Legendary Chicago newspaperman, radio host, and author Rick Kogan joins us in the Booth to share some great stories and lively conversation.
He’s a big fan of our show and has listened to a number of past episodes that he’s told us are terrific. High praise from a master interviewer who was a close friend of Studs Terkel and is carrying on in his brilliant tradition. Rick says he may be our only guest so far who has gotten drunk in the original Booth One at the Pump Room back when real movie stars sat there. Check out the list here.
Rick talks about growing up in a remarkable family – his father, legendary author and journalist Herman Kogan; his mother, reporter and publicist Marilew; and his brother, major league rock band tour manager Mark. He tells us an amazing story about Mark, Elvis and Sinatra. Their parents met at Riccardo’s, a restaurant behind the Wrigley Building, and he is named Rick (not Richard) after the owner. A legendary hang out for newspaper people, artists, and musicians, our producer spent some time there back in the day just to eavesdrop on the always interesting conversations.
He talks about the kind of people who were hanging around his parents’ apartment growing up. A list that includes Studs & Ida Terkel, Nelson Algren, Marcel Marceau, and Mort Sahl. Can you imagine?

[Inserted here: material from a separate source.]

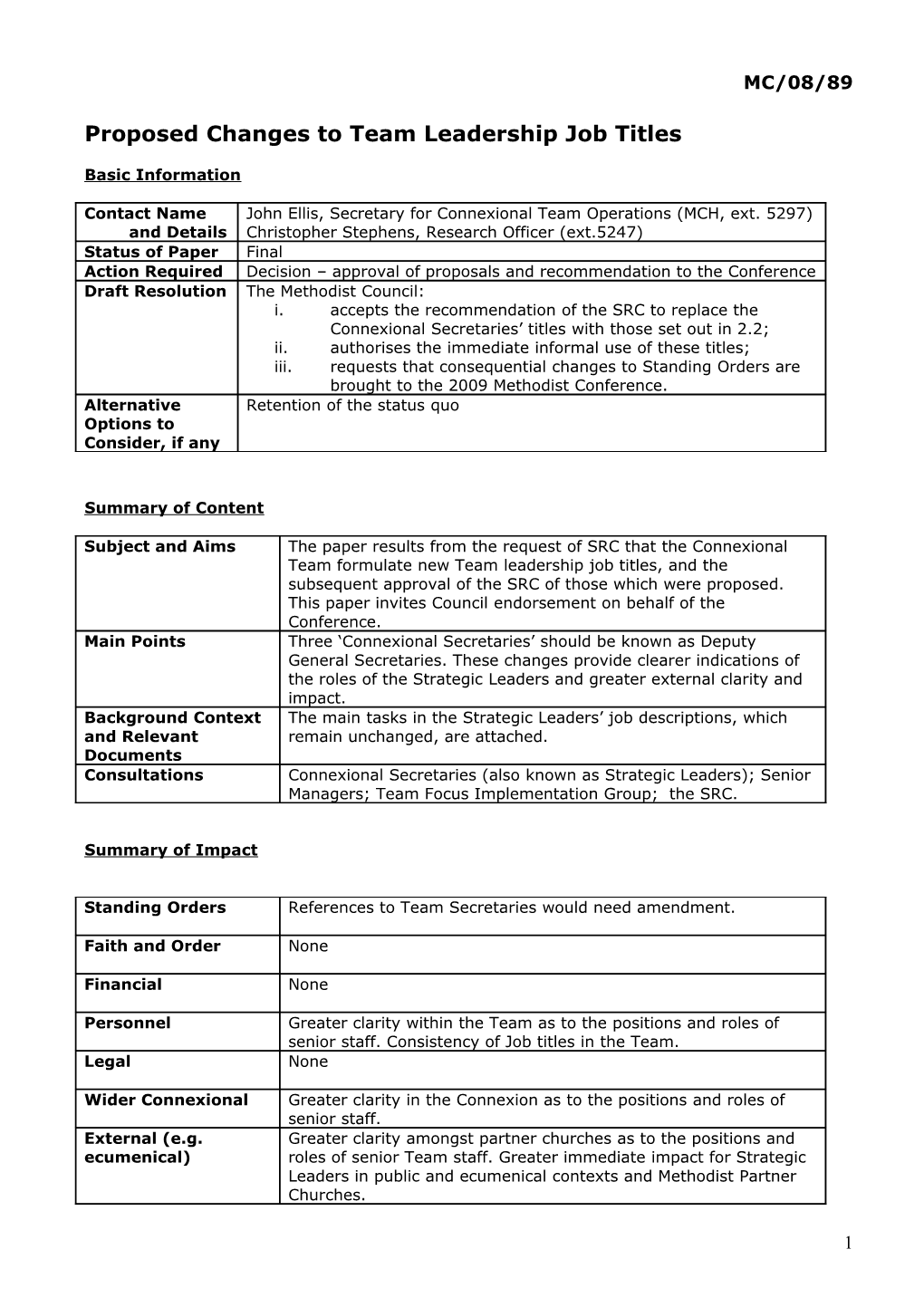 Proposed Changes to Team Leadership Job Titles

We learn about his early career driving a cab, then moving to Spain and eventually submitting a travel piece about Dover, England to the Tribune, which sold for the then thrilling price of $160. He returned to Chicago and began an incredible career in journalism.

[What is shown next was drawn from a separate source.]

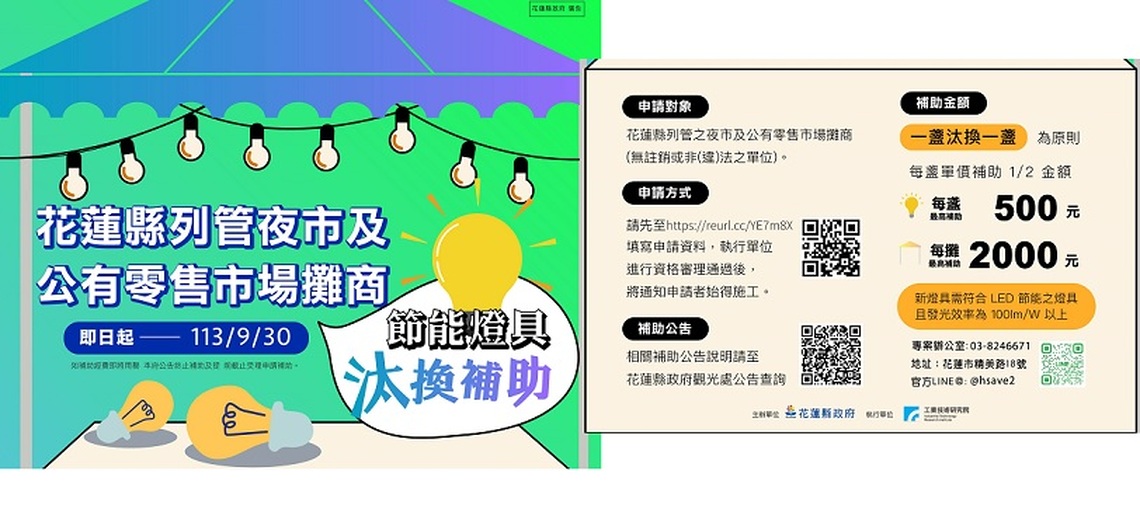 花蓮縣列管夜市及公有零售市場節能燈具汰舊換新起跑 每攤最高可補助2,000元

Gary announces that on August 1st, the National Comedy Center will open in Jamestown, NY, the birthplace of Lucille Ball. Check out this video that will make you want to visit. Frank is an expert on Lucy, and will probably be going to represent. One of the cool things is that on a touch screen, you create a “sense of humor profile” to personalize your experience. They have acquired the archives of a very impressive array of comedians, including Lenny Bruce and George Carlin.
Gary asks Rick about favorite guests on his radio show. He starts with Studs Terkel, who was not just the all-time great interviewer, but also a really fun guest. They talk about the WFMT Studs Terkel archive and Rick describes a favorite – Studs interviewing a very young Bob Dylan. You don’t want to miss his spot-on impression of Studs and hilarious summary of the episode. The digital audio of this is not yet public, but will be soon.
Rick graciously invites us to come on his radio show, After Hours, which airs on Sunday nights from 9:00 – 11:00pm CST on WGN. What an honor! The boys are excited about this opportunity.
A Red Orchid Theatre is currently running a Eugene Ionesco play called Victims of Duty, a lesser known work not often produced. It stars a wonderful group of actors, including Michael Shannon and AROT co-founder Guy Van Swearingen. It’s an absurdist play that deals with memories and the concept of “non-theatre”. Gary and Frank admit to being somewhat puzzled by the play’s themes and structure, but praise the performances and the production design by Danila Korogodsky along with excellent direction by Shira Piven. Running through August 5, this show will keep you laughing, guessing and thinking. And pondering the absurdities of life and love.
Rick regales us with tales of baseball, Riverview amusement park, Mike Royko, John Wayne, and Bushman the gorilla. We discuss his fascinating true-crime book Everybody Pays, co-authored with Maurice Possley. A real page-turner and we are hoping destined for a movie deal some day.
One of the most generous people we’ve ever met, Rick tells our listeners that he will send a signed copy of Everybody Pays to anyone who donates $100 or more to the Booth One non-profit. So look for the Donate button on our web site and receive your free book!
In addition to writing columns and stories for the Chicago Tribune, Rick Kogan also contributes the occasional obituary. He brings a personal touch to these remembrances and is most proud of the ones where he can give a first-hand account of a life well lived. He is so eloquent in his perspective on obituary writing and on the lives of Art Shay and Art Paul that for the first time in 82 episodes, we decide to skip a Kiss of Death segment this week.